Don’t get me wrong, I love Costco. But today, I want to pose the following question to you:
Are you really saving money at Costco?
If your experience is similar to what mine is usually like, then the answer is probably not. Here’s how it usually goes. We drive over to Costco planning to get a few items. We walk in, get some free samples, do our shopping, and walk out with a cart full of stuff, at least half of which we didn’t plan to buy. Yesterday, we walked out with a receipt for $140.20. I call this the Costco Effect.
In most cases, we will get a volume discount for buying items in bulk, but in the end, are we consuming more than we need or really wanted to in the first place?
Today, I examined some of the stuff we bought yesterday at Costco. I decided to buy a reasonable amount at Safeway and return the Costco items. I returned 5 items at Costco worth $39.85 (pre-tax amount) and bought similar items, just in smaller amounts, at Safeway for $12.66. The five items are pictured above: paper plates, salsa, Milano, tortilla chips, and San Pellegrino mineral water.
Here’s my analysis for each item.
Paper plates (Costco: $9.39 for 620, Safeway: $2.49 for 26)
We got paper plates because my sister, her husband, their 2 kids, my mom, my brother, and his wife are visiting this weekend. We already have some at home but somehow decided that we need 620 more! After all they’re only 1.5 cents each. But I think 26 slightly higher quality plates will be plenty, even though they’re more than 6 times the price per plate at 9.6 cents each.

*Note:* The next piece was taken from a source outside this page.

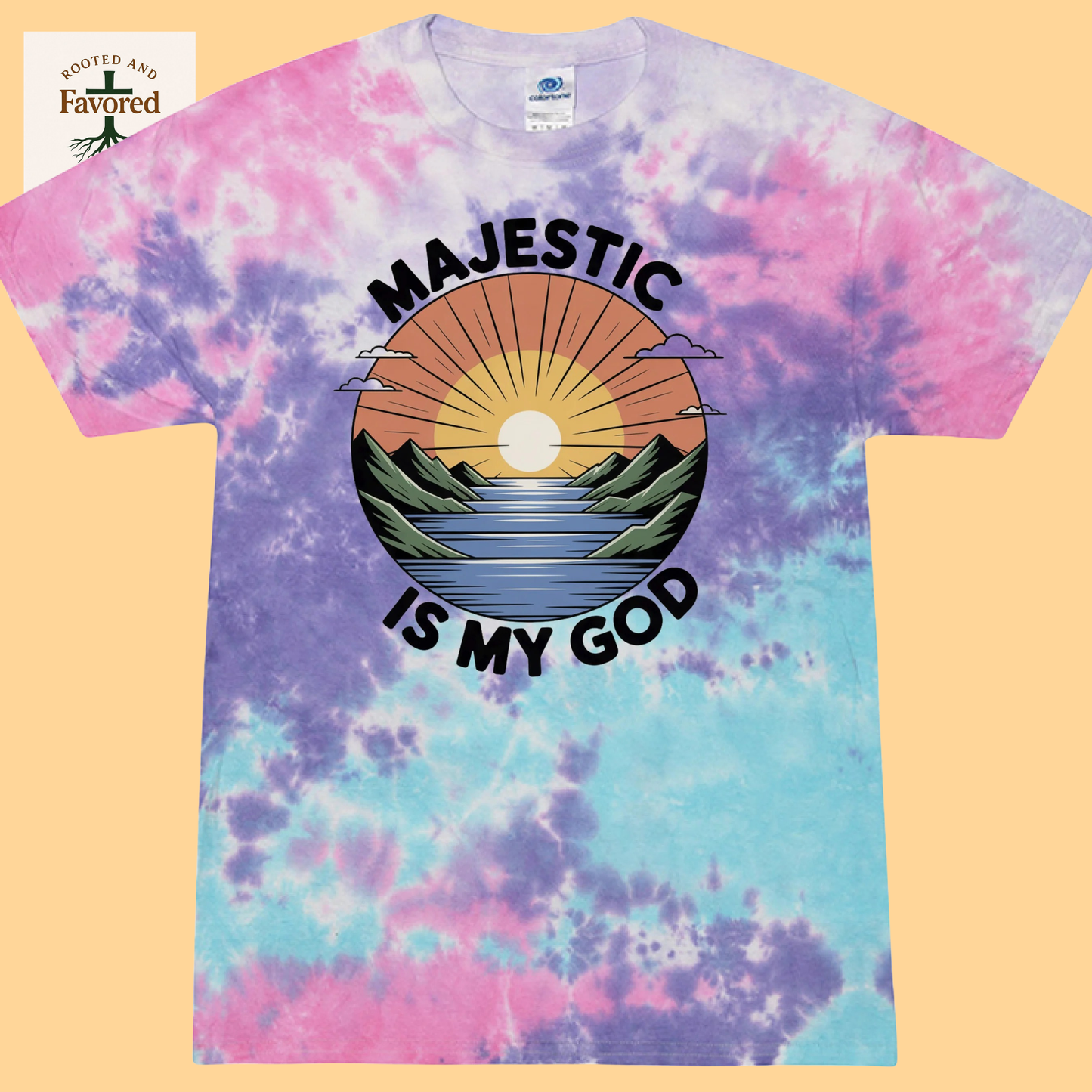 Girls Tie-Dye Cotton T-Shirt "Majestic is my God"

Buying the right amount here saved us $6.90. We can always buy more plates when we need them.
Salsa (Costco: $6.49 for 48 oz., Safeway: $2.49 for 24 oz.)
I got some salsa because I’ll be making breakfast burritos for our guests. It’ll also go with the tortilla chips below. The salsa from Costco tastes great, but I think 24 oz. will be plenty. The unit price actually ends up being cheaper at Safeway in this case. Savings of $4.00 here.
Milano (Costco: $6.99, Safeway: $3.00)
My wife wanted these, and they’re probably good to have around for our guests. The Costco one is even individually packaged. But I don’t think we’ll be eating 40 Milanos this weekend or should be eating that many. One package from Safeway should be sufficient. Savings of $3.99 here for buying the right size.
Tortilla Chips (Costco: $4.99 for 40 oz., Safeway: $1.67 for 12 oz.)
We got some tortilla chips for some crab dip that my wife wanted to get at Costco and to accompany the salsa. I didn’t think we needed 40 oz. of chips, and the chips at Safeway were on sale. A 12 oz. bag should be enough for the weekend. Savings of $3.32 here.
San Pellegrino (Costco: $11.99 for 15, Safeway: $3.00 for 2)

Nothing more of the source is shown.